How health-care companies are using AI to beat hackers
Soon, robots may be the first line of defense between hackers and your valuable medical records
In 2017, the world witnessed a cyberattack of hideous proportions. The WannaCry ransomware attack infected hundreds of thousands of computers in more than 150 countries, throwing a wrench in the digital gears of many businesses and bringing several industries to their knees with malicious software designed to block access to files until a "ransom" was paid.
One industry that was hit particularly hard was health care, including organizations such as the National Health Service (NHS) in the U.K. and Merck in the U.S. One study found that last year, 78 percent of health-care providers reported a ransomware or malware attack. And perhaps we shouldn't be surprised: Patient records are filled with valuable and private information, and ineffective cybersecurity measures make it far too easy to hold those records hostage. Health care is an easy target for malware.
No one seems safe: A cybercriminal organization hacked into the Cancer Services of East Central Indiana-Little Red Door and threatened to make the records of cancer patients public. Hackers have even targeted patients at ABCD Children's Pediatrics in Texas, potentially selling kids' medical records on the dark web.

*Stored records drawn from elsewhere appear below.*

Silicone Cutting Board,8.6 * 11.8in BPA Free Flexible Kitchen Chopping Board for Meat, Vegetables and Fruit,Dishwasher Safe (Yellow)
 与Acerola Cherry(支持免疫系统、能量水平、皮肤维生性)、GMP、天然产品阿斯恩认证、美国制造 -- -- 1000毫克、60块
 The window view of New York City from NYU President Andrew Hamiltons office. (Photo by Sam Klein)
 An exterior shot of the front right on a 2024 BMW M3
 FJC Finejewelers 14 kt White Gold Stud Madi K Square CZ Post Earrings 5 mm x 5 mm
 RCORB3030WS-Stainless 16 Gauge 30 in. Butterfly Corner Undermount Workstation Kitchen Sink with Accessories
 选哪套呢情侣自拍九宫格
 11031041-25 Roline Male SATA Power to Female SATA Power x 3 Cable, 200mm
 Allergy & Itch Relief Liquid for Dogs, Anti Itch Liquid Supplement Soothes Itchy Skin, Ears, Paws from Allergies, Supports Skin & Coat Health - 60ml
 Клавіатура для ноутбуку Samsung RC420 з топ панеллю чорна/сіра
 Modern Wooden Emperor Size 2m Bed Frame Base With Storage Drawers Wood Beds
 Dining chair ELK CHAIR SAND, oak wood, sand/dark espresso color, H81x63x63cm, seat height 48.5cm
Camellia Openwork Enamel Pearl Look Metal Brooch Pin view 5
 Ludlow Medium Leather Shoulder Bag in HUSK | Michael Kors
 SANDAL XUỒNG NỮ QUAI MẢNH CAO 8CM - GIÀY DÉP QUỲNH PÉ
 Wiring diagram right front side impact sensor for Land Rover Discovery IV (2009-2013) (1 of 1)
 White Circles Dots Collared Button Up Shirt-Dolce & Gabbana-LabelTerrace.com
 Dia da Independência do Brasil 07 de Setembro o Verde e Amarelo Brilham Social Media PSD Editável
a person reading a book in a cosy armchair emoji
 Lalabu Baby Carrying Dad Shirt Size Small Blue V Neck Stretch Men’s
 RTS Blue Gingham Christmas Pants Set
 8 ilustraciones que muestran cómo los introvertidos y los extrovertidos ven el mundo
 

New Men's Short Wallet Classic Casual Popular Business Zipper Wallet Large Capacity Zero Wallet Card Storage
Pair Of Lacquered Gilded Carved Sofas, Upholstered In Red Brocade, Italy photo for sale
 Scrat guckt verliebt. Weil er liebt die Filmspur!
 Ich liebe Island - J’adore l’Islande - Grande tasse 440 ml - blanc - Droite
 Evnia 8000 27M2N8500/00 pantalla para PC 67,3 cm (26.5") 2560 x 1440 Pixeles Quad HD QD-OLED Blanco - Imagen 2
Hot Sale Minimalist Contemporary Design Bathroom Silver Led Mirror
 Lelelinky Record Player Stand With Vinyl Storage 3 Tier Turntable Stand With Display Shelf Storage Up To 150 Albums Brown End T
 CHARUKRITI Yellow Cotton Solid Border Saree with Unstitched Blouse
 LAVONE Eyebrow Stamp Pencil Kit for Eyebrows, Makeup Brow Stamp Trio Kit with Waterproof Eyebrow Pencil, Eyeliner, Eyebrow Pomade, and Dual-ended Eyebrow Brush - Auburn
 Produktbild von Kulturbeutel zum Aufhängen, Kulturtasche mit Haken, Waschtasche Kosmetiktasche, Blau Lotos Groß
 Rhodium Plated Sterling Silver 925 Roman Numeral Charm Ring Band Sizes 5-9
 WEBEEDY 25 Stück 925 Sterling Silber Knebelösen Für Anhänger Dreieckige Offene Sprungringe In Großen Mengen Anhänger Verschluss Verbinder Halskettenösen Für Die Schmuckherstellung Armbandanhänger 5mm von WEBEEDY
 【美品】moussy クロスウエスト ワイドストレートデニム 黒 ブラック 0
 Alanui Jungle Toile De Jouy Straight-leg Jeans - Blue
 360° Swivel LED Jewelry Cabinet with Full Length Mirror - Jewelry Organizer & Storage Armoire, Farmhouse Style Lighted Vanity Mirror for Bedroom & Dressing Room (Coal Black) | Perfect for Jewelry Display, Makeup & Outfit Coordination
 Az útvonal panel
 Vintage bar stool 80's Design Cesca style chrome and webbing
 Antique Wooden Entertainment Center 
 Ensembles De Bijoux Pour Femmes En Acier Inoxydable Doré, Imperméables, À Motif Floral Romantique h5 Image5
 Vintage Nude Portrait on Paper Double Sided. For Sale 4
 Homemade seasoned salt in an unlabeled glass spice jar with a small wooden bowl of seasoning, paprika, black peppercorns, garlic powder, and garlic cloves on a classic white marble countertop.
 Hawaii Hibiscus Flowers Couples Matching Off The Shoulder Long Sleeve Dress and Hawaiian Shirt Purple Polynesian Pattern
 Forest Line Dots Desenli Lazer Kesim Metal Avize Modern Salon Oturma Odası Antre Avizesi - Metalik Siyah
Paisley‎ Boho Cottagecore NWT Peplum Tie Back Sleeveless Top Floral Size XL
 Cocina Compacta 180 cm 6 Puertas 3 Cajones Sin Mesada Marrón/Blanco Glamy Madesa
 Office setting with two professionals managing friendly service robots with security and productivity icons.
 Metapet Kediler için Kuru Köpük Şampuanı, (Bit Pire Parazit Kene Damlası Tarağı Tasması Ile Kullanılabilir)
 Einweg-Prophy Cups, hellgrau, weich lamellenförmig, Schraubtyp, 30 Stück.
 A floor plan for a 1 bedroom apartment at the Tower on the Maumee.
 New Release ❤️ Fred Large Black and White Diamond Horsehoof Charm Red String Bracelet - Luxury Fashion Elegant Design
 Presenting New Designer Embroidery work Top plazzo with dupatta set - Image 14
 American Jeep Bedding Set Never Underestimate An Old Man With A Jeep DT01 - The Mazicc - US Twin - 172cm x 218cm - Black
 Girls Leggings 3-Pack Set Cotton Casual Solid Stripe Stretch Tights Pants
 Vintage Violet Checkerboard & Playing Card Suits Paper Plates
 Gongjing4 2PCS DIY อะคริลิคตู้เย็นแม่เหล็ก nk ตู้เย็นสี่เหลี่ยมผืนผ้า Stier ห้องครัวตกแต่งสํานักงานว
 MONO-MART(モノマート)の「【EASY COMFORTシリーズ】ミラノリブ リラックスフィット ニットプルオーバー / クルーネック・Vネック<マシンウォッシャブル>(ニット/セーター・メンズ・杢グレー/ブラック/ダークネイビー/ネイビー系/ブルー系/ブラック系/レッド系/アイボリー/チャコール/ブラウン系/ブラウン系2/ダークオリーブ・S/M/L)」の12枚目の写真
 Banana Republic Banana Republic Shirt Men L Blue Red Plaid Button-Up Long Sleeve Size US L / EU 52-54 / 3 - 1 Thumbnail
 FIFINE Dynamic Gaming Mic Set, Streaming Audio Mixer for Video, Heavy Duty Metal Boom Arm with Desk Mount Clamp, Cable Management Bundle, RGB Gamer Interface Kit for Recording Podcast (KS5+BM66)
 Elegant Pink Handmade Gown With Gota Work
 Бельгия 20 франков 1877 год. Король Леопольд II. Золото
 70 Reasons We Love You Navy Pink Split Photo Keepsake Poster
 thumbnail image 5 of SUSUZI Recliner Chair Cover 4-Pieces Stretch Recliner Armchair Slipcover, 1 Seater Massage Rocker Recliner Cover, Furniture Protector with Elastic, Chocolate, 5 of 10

But health-care systems like hospitals and insurance providers are starting to fight back using powerful tools of their own: artificial intelligence (AI) and machine learning. If you need a quick refresher, machine learning is an application that allows AI to automatically learn and change without being programmed. Essentially, it takes people out of the equation and lets technology evolve on its own, within some constraints. And if you need an example of the potential power of this application, look no further than Facebook's chatbots, which developed their own non-human language to communicate because machine learning gave them the freedom. Imagine a password written in a language that no hacker can understand or crack, and you can see why the health-care industry is interested in machine learning.
AI and machine learning are part of a bigger attempt to overhaul cybersecurity. As attacks continue to increase, health-care companies have learned that it's not enough to rely on anti-virus or anti-malware protection to stop eager hackers from infiltrating their systems. They're starting to figure out hacker patterns and blocking them before they can get their hands on patient records or data. They're also saying goodbye to vulnerable passwords and relying on more secure methods, like biometrics — think fingerprints and eyeball scans.
Aetna is one early adopter of machine learning. The health insurance company replaced passwords with a behavior-based security system and some biometric protections in its consumer-facing apps. It put machine learning at the forefront by developing a risk engine that combines multiple pieces of data to authenticate users. This risk engine collects personal information, ranging from the operating system and apps you use to how you text or move within the application. It creates an individual risk score, which can change. For example, if someone steals your smartphone, hackers won't be able to log into Aetna's app because the risk engine knows they're suspiciously holding the phone differently than you do. It will then demand additional authentication information, like a PIN or fingerprint, which the hacker won't have.
Aetna isn't the only company making these types of changes. Organizations like Cardinal Innovations Healthcare and Weill Cornell Medicine have turned to CrowdStrike Falcon, which offers anti-virus, anti-ransomware, and anti-malware security with customizable AI features.
Having access to AI and machine learning technology is only half the battle. Actually implementing it is the other half. Health-care companies frequently resist innovation because of high cost barriers, government regulations, complicated internal processes, or just a general fear of change. And sometimes, like the rest of us, they get used to old software and don't want to upgrade, despite knowing the vulnerabilities. One of the biggest reasons why WannaCry ransomware succeeded in crippling NHS computers was because 60 percent of the NHS trusts were still using outdated Windows XP. Some of the trusts said they wanted to upgrade, but couldn't because their legacy software and medical equipment wouldn't work with the new operating systems.
If health-care organizations want to beat hackers, they'll have to innovate, and AI and machine learning may become their first line of defense.